Ante sua destinação, a contravenção de perturbação ao trabalho ou sossego alheios somente se aperfeiçoa se alcança indistintamente a coletividade, entendida esta como determinada comunidade integrante de um grupo enliçado por um liame de fato. Ainda que o ocorrido tenha sido apto a macular a tranqüilidade, a paz ou o sossego de uma única ou, mesmo, de duas pessoas, não enseja sua qualificação, pois não se implementara o fato que, impregnado na gênese da sua tipificação, ensejara seu enquadramento como ilícito contravencional. E isso porque, se apenas um ou alguns indivíduos isolados se sentiram ofendidos em seu sossego, o fato não fora apto a afetar a sensibilidade própria do homem médio e macular a paz do corpo social em cujo seio se verificara. Conseqüentemente, não se destinando a norma a tutelar suscetibilidades impregnadas na epiderme, intolerâncias não resolvidas ou irritabilidades crônicas, não pode ser enquadrado na emolduração legal, preservando-se, assim, sua destinação originária, que é resguardar a paz pública. (TJDF ? HC 2006.01.6.000703-0, publicado em 29/08/2006).

Sobre o inciso IV que trata da perturbação provocada por barulhos de animais, confira-se o seguinte aresto que negou provimento ao recurso e manteve a mantendo a sentença condenatória:

PERTURBAÇÃO DE SOSSEGO ALHEIO. ARTIGO 42, INC. IV, DO DL. 3.688/41. EXISTÊNCIA E AUTORIA DEMONSTRADAS. PRELIMINAR DE NULIDADE REJEITADA. TESE DA ATIPICIDADE DA CONDUTA AFASTADA. CONDENAÇÃO MANTIDA. Acusado que não toma providências para evitar que seus cães latissem constantemente, perturbando o sossego dos moradores de edifício vizinho, pratica a contravenção em comento, que não exige dolo específico, bastando a omissão voluntária hábil a perturbar o sossego alheios, independentemente do ânimo que moveu o agente.
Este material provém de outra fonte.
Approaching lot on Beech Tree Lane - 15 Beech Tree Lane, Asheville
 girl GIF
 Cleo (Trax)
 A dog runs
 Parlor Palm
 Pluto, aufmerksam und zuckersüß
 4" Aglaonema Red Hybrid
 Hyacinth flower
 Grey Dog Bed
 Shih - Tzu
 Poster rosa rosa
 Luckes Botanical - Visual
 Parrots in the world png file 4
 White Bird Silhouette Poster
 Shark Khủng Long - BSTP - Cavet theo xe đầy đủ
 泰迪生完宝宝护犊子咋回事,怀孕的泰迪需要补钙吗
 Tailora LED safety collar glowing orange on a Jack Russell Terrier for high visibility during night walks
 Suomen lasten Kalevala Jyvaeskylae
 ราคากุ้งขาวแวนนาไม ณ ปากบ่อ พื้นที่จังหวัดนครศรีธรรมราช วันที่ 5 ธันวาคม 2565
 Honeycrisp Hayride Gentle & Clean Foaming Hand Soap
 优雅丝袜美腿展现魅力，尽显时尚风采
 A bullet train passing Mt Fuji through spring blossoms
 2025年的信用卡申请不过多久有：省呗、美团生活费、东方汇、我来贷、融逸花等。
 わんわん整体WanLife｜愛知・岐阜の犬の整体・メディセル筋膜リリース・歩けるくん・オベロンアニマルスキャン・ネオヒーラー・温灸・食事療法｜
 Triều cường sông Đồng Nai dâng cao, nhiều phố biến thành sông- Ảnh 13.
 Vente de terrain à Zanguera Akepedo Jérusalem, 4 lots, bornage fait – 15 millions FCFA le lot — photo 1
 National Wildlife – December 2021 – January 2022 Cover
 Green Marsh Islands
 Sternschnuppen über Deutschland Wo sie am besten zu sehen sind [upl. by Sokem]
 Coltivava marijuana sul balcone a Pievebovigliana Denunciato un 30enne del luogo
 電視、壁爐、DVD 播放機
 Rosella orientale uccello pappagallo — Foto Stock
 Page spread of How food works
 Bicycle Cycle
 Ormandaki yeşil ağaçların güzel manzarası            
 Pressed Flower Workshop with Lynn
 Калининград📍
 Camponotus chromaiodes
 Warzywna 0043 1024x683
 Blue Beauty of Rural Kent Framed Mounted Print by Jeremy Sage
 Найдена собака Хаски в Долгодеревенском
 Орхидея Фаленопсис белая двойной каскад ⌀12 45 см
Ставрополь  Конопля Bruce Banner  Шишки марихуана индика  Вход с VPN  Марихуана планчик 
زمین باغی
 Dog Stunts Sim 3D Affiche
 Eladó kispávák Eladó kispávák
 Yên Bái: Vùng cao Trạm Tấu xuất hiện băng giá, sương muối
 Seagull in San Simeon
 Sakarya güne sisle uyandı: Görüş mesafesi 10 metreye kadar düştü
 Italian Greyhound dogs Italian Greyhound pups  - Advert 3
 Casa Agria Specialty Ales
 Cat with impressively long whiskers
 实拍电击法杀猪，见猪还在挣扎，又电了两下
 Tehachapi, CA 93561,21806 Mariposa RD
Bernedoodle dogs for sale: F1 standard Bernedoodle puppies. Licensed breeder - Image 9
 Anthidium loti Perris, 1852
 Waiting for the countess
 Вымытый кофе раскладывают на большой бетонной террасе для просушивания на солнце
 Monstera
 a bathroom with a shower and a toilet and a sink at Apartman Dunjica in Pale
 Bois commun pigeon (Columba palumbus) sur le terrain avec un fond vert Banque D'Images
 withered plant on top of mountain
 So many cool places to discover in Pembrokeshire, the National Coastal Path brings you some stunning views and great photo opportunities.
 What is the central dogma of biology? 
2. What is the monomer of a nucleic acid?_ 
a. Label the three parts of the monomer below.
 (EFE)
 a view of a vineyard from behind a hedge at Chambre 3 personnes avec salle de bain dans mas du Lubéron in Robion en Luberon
Relevância jurídica da conduta, que perturbou, de modo significativo, a coletividade dos moradores do prédio, que chegaram a firmar abaixo assinado visando providências da autoridade policial. Rejeitada a preliminar de nulidade da sentença, que condenou o réu pelo delito previsto no inciso III, em detrimento do inciso IV, do artigo 42 da LCP, visto que o erro material não trouxe prejuízo à defesa do réu, que se defendeu do fato descrito na denúncia. Negaram provimento ao recurso. (TJRS - Recurso Crime Nº 71002118081, Relatora: Juíza Cristina Pereira Gonzales, Julgado em 22/06/2009).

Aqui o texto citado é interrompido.